Following the money: From federal leases to state budgets
State and local government dependence on fossil fuel revenue creates uncertainty and instability due to volatile global markets, shifting industry practices, and policy changes. Governments that benefit from fossil fuel extraction often receive revenue from a variety of sources, including from leases and production on private, state, and federal lands. Federal fossil fuel production is a relatively small share of total U.S. production (11% of natural gas and 22% of crude oil in 2019). Yet, some state and local governments receive substantial disbursements from the federal leasing program, heightening their risk of dependence on this revenue source.
Federal fossil fuel disbursements are volatile and unevenly distributed.
Federal fossil fuel disbursements to state and local governments varied, on average, by 16% from one year to the next over the past decade. This volatility poses challenges to long-term planning and budgeting. Disbursements also varied widely between places. Two states, New Mexico and Wyoming, received 72% of all federal disbursements over the last decade. In FY 2020, New Mexico received $702.6 million from federal fossil fuel disbursements (3.28% of the state’s total expenditures), and Wyoming received $438.5 million (9.3% of total state expenditures). In all other states, federal fossil fuel disbursements for FY 2020 represented less than 1% of total state expenditures.
States that spend volatile revenue on operating expenses heighten their risk of dependence.
This report examines how states allocate their federal fossil fuel disbursements across three broad categories: (1) state expenditures, (2) local distributions, and (3) savings.

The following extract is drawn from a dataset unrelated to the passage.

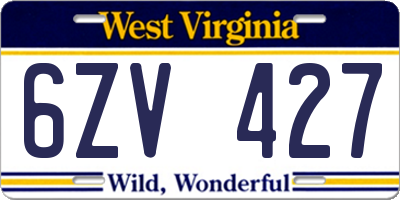 WV license plate 6ZV427
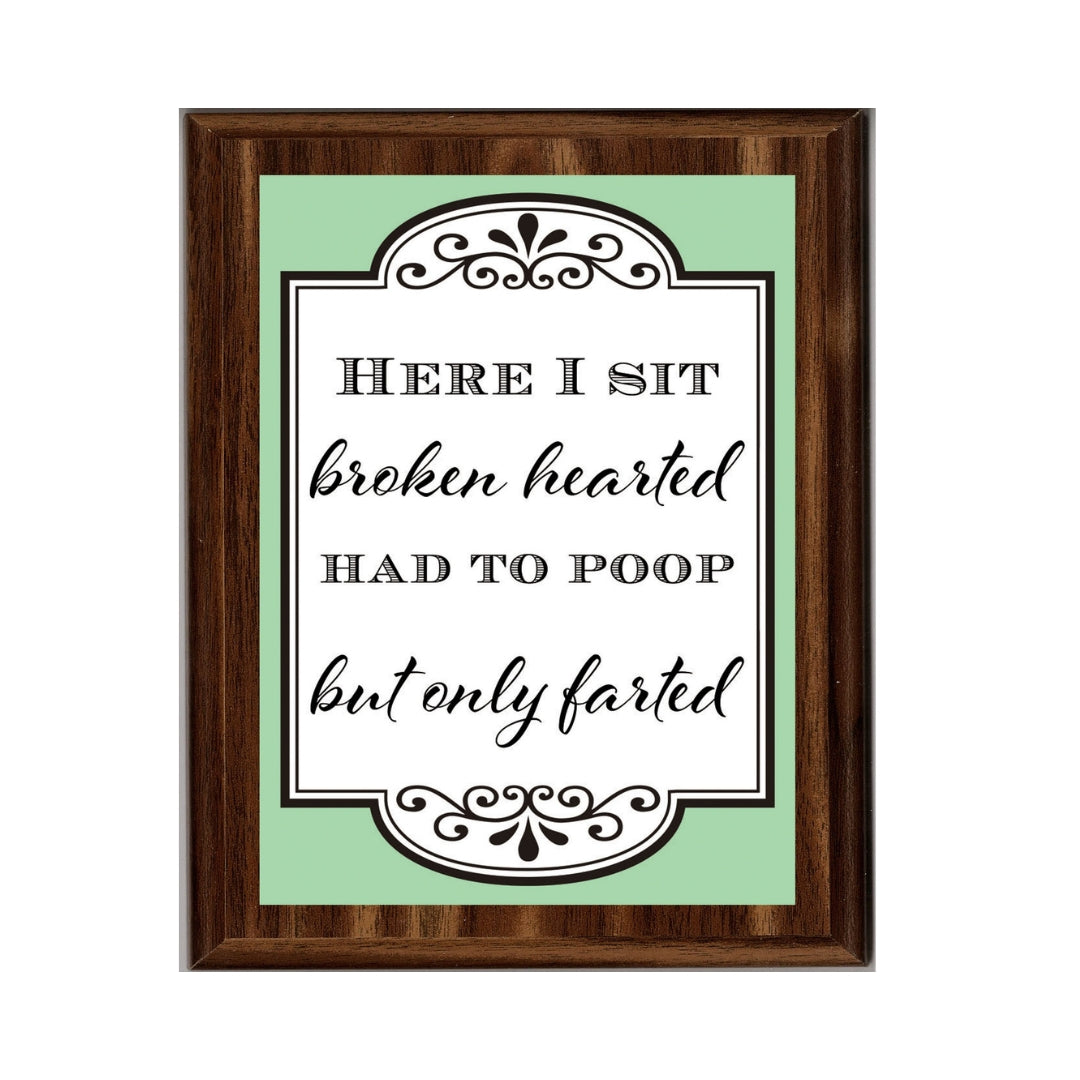 LEMONSODA Bathroom Plaques (Broken Hearted, White)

In FY 2020, states allocated 80% of their federal fossil fuel disbursements to state expenditures ($1.4 billion). When states rely on volatile revenue for day-to-day expenses, they risk deepening their dependence on that revenue stream. This risk is exacerbated when the state also has a narrow tax structure and/or limited savings.
Dependence can also be local.
At the local level, governments that receive direct federal disbursements may become dependent on federal fossil fuel disbursements even when the state is not. About 9% ($166 million in FY 2020) of total federal disbursements are directly passed through to local governments. However, complex budgeting processes, data gaps, and the unique context of different geographies make it challenging to identify which local governments are most dependent on the federal leasing program. More research is needed to assess local dependence and to create a strategy to strategically coordinate state and federal assistance.
State and federal solutions are needed to reduce dependence.
State and federal reforms are needed to ensure that future minerals development, renewable energy, and other projects on federal lands and waters create long-term wealth for state and local governments as opposed to dependence. States can stabilize volatile revenue streams by diversifying their tax structure and investing money in short- and long-term savings, including budget stabilization funds and permanent funds. In FY 2020, states allocated only 11% ($195 million) of federal fossil fuel disbursements to savings. This likely overestimates the actual amount saved as some states regularly draw on their savings to pay for annual operating costs. At the federal level, reforms to the federal leasing program are needed to stabilize disbursements, such as through a national endowment fund.